Still Overwhelmed for CH Blyss Tresor’s Great Success!

For one borzoi, from a small hobby kennel who has been away for four years to be so lauded on Facebook  for winning his championship title with so many congratulations and well wishes,  I am stunned and besides myself with joy.  Who ever said that Facebook “Friends” were not really “friends”.  I can prove otherwise.

Today, we are passing a happy day at home, reading even more congratulatory notes on Facebook, answering email messages, and just being happy.

If saying “Thank you” was enough, I would say it.  It’s not enough, but it is all I can say.  Today, I will break my rule about not mentioning my friends, breeders’ and mentors’ names, because they are so obvious and deserve mention.
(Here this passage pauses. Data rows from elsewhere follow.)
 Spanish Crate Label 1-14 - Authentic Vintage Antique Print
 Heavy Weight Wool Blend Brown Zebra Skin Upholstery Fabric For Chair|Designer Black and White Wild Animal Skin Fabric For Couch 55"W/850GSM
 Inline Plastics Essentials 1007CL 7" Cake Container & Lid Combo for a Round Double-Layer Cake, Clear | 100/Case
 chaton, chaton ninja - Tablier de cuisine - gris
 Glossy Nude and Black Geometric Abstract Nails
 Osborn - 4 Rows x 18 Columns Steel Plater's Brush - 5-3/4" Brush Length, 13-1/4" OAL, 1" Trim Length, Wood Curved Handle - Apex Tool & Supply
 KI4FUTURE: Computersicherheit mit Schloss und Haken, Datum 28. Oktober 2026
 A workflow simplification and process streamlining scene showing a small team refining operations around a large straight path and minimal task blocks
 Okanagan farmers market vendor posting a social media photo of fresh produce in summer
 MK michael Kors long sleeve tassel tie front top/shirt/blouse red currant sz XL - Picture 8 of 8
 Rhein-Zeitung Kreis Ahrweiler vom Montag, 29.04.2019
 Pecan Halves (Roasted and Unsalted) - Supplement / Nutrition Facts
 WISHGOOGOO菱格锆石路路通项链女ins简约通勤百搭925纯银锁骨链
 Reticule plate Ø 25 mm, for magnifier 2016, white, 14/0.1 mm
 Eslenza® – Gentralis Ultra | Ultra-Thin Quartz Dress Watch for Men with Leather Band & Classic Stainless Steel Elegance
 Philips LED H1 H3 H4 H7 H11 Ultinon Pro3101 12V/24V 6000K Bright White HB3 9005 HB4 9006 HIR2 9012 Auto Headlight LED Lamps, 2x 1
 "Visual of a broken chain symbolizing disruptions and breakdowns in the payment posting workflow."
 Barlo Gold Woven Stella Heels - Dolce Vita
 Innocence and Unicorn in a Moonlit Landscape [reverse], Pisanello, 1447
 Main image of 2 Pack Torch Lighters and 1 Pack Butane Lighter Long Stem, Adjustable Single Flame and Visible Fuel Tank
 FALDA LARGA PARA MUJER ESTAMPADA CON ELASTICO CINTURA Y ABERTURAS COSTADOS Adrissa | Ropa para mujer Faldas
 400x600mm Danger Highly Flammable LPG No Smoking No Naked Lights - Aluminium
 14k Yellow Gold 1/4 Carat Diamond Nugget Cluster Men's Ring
For those who replied to Jennifer Zucker’s  (Raynbo Borzoi, Reg.) post on Facebook yesterday, I am absolutely overwhelmed by your enthusiasm for Tresor.    However, none of this would have been possible without the generosity of spirit and years of mentoring by Karen Staudt-Cartabona,  (Majenkir Borzoi, Reg.).  It began in 2003.   Bob and I had bought our first borzoi, “Casanova”, Lara’s River of Dreams.   Shortly thereafter, Karen invited us to visit her home and kennel, “Majenkir” .  She said she had a borzoi selected for us.  (See:   http://www.blysskennels.us/our-dogs/mikhailya/index.html).

To our delight, Karen actually sold us a bitch she called “Mikhailya”.   Her excellence and quality was beyond standard measurement and she quickly became a Champion.  She was the jewel of our hearts and home.  There is nothing more to be said to describe her.  It was this bitch, “Mikhailya”, who was the dam of “Tresor”.

I want to acknowledge again, as I have done so many times, the debt I owe to Karen for her many gifts of wisdom over the years.  Without her, I would not be as learned  about this breed as I am.  All of us around her, whether they want to admit it or not, owe her a great debt, not only in wisdom but in good, sound blood lines in their kennels.  That will endure long after she is gone, which I hope is not for a very long, long time.  So, if “Tresor” won his Champion Dog Title yesterday, I say Thank You to Karen for having faith in two very naïve dog owners in 2003 who had recently purchased only one borzoi.  She thought we had what it took to care for her young bitch, “Mikhailya”.